While most experts feel that the rollout of the Goods and Services Tax (GST) will not have any immediate impact on the education sector and keep the household budget for academic costs untouched, educationists beg to differ. They believe that the effects of GST will be felt in more ways than one.
Fees for tutorials, competitive exam coaching
While school and college fees are exempt from taxes, parents are concerned about the notice given by coaching classes on the rise in fees to accommodate the new tax regime. For Wanowrie resident Shazia Patel, whose twin children are preparing for Std XII board exams, it means a substantial rise in fees. “I am already paying Rs 4,000 per month for each child’s monthly tuition fee. Their engineering coaching classes will cost me at least Rs 1.5 lakh. I will have to pay an additional 3 per cent on all these fees. This is in addition to all the other costs that will increase,” she lamented.
Durgesh Mangeshkar, director of IIT Prakashan, agreed that the increasing costs of tutorials will impact parents significantly. “While taking into account the exemptions for educational fees, the government does not consider coaching classes. They may be considered a luxury but they are, in fact, a necessity, especially for students preparing for competitive exams. Unfortunately, the fees of such classes are high.. sometimes they are over Rs one lakh, much higher than school or college fees. We are going to start passing on the additional 3 per cent tax burden to parents from next month, so yes, it will affect them,” he said.
Lalit Kumar, MD, Prime Academy also said that the rise in taxes — from 15 per cent service tax to 18 per cent GST — will have to be borne by parents. In some rare cases, the institute may bear the cost, he said.
Fees for certificate programmes, professional courses
The GST council has kept traditional courses and those approved by government-recognised bodies out of the tax net. But the tax component on non-conventional and certificate courses will go up, said Bharat Agarwal, managing trustee, Vishwakarma Institute of Technology.
“We do offer some courses that are not affiliated to the technical education directorate of the state. These may be professional or skill-based courses or some certificate programmes, like a foreign language course. Once GST comes into effect, there is going to be an additional 4 per cent increase in fees, because of the increasing tax,” he said. However, Agarwal said the long-term impact of GST was more important than the immediate effect.
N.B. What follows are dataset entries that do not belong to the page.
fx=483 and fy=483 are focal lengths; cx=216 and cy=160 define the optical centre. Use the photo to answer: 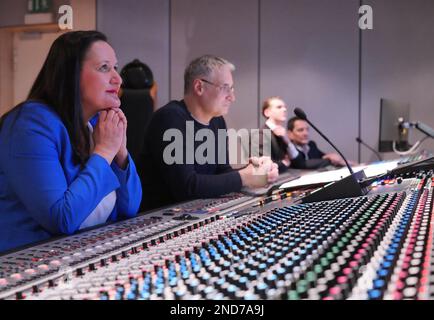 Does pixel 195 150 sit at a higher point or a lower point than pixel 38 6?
lower

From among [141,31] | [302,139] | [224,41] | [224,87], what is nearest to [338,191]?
[224,87]

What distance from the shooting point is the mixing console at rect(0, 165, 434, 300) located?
1.78 feet

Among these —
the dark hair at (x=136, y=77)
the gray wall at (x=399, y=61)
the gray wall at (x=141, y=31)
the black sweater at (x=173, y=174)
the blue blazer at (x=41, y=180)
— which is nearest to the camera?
the blue blazer at (x=41, y=180)

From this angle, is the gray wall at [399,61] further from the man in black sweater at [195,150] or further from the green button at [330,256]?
the green button at [330,256]

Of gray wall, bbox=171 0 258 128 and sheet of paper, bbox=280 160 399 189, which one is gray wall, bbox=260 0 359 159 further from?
sheet of paper, bbox=280 160 399 189

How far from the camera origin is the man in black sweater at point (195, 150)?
1693 mm

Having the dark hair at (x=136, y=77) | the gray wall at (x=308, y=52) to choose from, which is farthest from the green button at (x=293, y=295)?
the gray wall at (x=308, y=52)

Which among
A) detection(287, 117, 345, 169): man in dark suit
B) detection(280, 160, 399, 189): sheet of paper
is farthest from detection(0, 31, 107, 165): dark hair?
detection(287, 117, 345, 169): man in dark suit

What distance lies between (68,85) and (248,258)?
807 mm

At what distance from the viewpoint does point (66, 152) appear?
1188mm

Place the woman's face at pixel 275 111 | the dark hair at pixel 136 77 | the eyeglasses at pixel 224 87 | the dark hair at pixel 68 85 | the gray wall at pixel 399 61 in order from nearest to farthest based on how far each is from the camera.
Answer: the dark hair at pixel 68 85
the eyeglasses at pixel 224 87
the dark hair at pixel 136 77
the woman's face at pixel 275 111
the gray wall at pixel 399 61

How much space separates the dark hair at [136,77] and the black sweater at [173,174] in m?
1.59

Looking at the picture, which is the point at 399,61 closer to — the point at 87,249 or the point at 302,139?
the point at 302,139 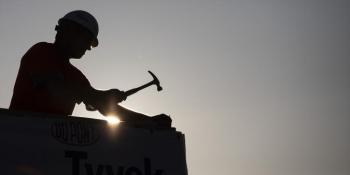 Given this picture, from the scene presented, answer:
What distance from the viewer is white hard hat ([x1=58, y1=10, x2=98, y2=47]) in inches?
236

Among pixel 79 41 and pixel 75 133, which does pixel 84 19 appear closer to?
pixel 79 41

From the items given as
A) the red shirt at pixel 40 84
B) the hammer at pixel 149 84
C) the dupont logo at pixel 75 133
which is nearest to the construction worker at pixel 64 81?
the red shirt at pixel 40 84

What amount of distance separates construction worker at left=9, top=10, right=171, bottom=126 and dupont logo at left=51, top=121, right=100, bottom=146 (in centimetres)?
38

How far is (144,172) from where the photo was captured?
5031 millimetres

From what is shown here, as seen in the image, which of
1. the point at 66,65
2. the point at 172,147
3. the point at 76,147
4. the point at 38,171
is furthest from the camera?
the point at 66,65

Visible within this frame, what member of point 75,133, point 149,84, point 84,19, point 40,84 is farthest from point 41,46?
point 149,84

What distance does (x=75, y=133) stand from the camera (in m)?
4.71

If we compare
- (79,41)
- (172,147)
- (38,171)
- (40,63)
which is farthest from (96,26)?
(38,171)

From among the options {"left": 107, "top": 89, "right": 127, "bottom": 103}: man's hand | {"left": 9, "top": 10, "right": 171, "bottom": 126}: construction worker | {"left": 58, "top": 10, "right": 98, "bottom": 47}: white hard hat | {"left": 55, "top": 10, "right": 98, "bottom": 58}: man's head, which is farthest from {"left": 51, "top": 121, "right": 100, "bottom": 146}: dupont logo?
{"left": 58, "top": 10, "right": 98, "bottom": 47}: white hard hat

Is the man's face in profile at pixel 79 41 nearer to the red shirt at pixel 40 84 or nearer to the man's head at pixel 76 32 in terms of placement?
the man's head at pixel 76 32

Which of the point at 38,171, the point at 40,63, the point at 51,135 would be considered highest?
the point at 40,63

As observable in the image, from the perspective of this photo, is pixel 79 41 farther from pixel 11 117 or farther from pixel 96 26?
pixel 11 117

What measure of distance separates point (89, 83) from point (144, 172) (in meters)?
1.61

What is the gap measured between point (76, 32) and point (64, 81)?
114 centimetres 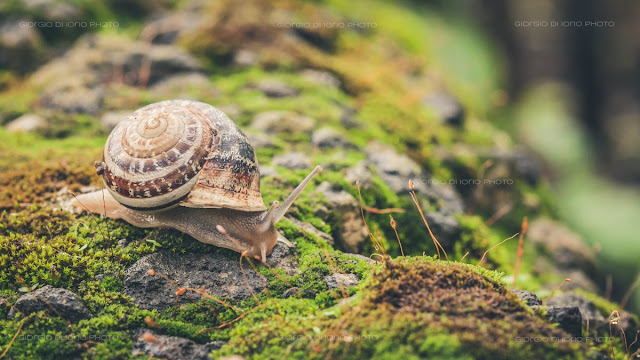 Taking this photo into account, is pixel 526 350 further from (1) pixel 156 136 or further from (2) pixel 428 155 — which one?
(2) pixel 428 155

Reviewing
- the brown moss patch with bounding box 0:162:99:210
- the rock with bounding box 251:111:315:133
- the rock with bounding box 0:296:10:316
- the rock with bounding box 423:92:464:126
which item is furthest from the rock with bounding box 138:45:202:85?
the rock with bounding box 0:296:10:316

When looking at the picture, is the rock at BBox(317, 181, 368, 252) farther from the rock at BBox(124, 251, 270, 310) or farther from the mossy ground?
the rock at BBox(124, 251, 270, 310)

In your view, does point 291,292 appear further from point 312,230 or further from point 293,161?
point 293,161

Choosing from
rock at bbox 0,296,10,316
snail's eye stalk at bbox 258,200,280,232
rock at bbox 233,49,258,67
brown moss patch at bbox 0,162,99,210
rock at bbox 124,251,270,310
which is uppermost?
rock at bbox 233,49,258,67

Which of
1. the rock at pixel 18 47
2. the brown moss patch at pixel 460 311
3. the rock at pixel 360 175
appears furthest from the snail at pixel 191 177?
the rock at pixel 18 47

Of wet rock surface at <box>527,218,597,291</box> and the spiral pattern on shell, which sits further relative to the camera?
wet rock surface at <box>527,218,597,291</box>

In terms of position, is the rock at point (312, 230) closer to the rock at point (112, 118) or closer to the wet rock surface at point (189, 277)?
the wet rock surface at point (189, 277) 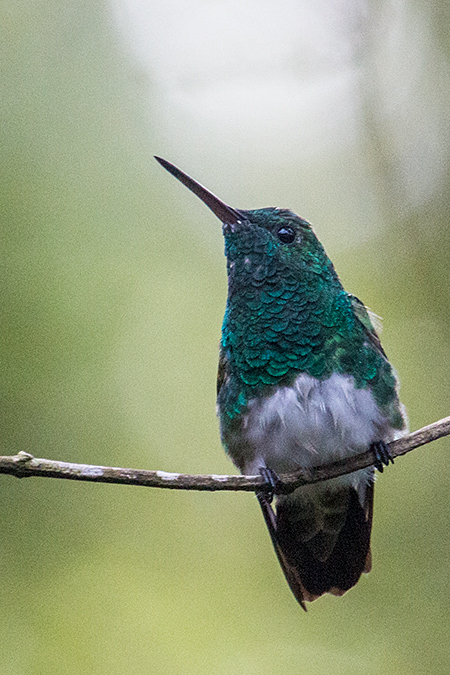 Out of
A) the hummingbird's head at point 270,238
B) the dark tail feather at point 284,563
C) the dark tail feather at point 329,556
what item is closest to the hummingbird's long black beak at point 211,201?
the hummingbird's head at point 270,238

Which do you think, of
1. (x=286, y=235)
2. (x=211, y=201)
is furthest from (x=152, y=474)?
(x=286, y=235)

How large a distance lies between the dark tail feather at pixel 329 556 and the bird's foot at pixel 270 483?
409 millimetres

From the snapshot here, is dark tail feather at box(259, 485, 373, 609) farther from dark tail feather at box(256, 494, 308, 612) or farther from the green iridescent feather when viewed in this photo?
the green iridescent feather

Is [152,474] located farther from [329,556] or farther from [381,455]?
[329,556]

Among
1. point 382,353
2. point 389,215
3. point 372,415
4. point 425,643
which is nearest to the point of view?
point 372,415

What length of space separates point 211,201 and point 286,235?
1.51 feet

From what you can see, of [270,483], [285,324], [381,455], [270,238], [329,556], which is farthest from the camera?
[329,556]

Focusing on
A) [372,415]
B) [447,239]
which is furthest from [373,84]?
[372,415]

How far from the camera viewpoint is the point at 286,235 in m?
3.78

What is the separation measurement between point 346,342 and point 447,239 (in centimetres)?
193

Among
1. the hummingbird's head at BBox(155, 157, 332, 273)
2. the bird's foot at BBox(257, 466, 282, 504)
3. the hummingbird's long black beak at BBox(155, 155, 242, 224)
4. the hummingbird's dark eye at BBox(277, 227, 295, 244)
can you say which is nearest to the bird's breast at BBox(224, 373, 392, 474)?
the bird's foot at BBox(257, 466, 282, 504)

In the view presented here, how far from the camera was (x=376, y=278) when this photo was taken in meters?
5.70

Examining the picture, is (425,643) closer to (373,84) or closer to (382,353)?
(382,353)

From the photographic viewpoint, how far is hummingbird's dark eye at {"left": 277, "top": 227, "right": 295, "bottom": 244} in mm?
3770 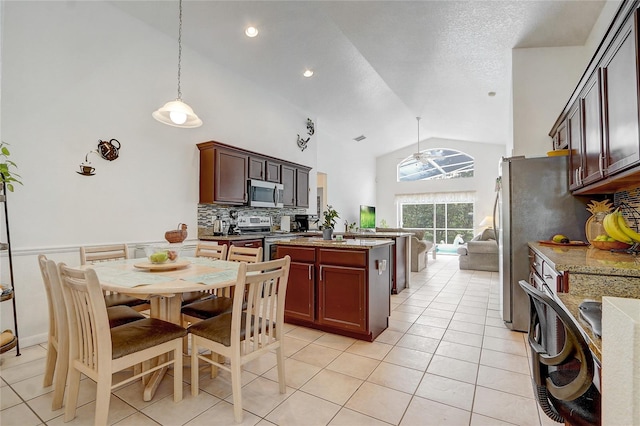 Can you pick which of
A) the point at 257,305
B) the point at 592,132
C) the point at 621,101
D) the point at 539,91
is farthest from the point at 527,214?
the point at 257,305

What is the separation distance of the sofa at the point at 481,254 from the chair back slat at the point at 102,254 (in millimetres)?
6248

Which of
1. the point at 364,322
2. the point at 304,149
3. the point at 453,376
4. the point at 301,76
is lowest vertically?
the point at 453,376

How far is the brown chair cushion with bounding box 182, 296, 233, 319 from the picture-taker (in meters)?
2.24

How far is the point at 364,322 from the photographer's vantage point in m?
2.81

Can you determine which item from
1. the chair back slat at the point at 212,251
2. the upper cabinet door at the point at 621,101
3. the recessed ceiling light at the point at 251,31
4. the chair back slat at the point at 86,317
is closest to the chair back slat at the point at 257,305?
the chair back slat at the point at 86,317

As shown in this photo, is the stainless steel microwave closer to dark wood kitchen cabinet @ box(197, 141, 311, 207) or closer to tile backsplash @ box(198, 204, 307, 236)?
dark wood kitchen cabinet @ box(197, 141, 311, 207)

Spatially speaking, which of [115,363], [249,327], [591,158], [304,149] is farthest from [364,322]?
[304,149]

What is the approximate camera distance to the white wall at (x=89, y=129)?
2.74 metres

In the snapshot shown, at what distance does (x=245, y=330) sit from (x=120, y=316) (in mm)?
958

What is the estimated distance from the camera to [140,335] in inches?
68.1

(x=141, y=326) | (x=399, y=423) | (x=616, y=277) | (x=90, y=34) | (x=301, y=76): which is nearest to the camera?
(x=616, y=277)

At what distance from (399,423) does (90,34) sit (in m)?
4.47

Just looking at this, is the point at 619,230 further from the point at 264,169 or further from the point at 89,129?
the point at 89,129

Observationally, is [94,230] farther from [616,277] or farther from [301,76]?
[616,277] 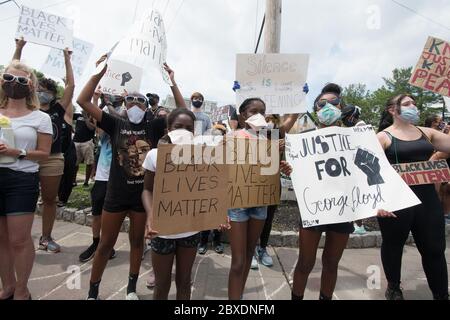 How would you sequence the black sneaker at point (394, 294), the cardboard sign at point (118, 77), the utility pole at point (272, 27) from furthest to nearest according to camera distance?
the utility pole at point (272, 27)
the cardboard sign at point (118, 77)
the black sneaker at point (394, 294)

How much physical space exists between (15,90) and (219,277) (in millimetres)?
2700

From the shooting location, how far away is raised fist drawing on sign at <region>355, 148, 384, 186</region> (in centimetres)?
232

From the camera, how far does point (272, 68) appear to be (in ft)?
10.3

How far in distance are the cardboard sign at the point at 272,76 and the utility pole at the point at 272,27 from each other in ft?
8.76

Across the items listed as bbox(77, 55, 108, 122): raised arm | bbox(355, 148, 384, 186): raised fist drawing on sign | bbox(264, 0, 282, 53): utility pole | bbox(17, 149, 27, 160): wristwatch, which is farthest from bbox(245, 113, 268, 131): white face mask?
bbox(264, 0, 282, 53): utility pole

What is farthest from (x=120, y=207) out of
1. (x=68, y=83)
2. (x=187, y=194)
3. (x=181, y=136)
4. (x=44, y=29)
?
(x=44, y=29)

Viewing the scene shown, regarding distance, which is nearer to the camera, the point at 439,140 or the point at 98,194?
the point at 439,140

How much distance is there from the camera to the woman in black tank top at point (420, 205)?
260cm

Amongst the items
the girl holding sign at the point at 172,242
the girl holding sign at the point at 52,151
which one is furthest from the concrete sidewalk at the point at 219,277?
the girl holding sign at the point at 172,242

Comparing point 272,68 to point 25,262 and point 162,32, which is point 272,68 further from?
point 25,262

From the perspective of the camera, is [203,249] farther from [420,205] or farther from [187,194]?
[420,205]

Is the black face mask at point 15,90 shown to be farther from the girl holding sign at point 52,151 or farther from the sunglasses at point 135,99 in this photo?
the girl holding sign at point 52,151

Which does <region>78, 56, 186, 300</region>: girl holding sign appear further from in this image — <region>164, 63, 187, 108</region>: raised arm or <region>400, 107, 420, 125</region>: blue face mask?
<region>400, 107, 420, 125</region>: blue face mask

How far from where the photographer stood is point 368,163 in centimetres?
235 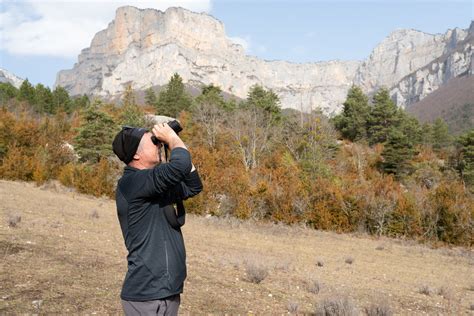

“This year, you may not see any immediate impact on fees, but from next year, there will be some revision. That’s because while college fees may be tax-free, the cost to an educational institution is likely to increase. For example, many institutes are operating from rental premises and rents are not low when taxes are applicable. Besides that, stationery, transport, housekeeping staff, security services and much more are needed to run a college and if all these costs increase, then in the long run, a fee revision is likely, though colleges will try to absorb the costs,” he said.
Living costs for students
In a city like Pune, which has a large number of students who come from across India to pursue higher education, educationists say that the impact of GST on them will be inevitable.
“Our college fees may not increase but these students need transport, mess and canteens, hostels and many other services, where the impact of GST can be seen. Hence, their living costs are likely to get affected,” said Swati Mujumdar, director, Symbiosis Centre for Distance Learning.
“Food-related expenses, especially dining out, will cost me much more now. We hostelites usually prefer dining out, or eating in canteens and dining halls, so we will be affected by GST. Even watching movies at multiplexes will become more expensive,” said Bijit Somani, a final year student of chartered accountancy.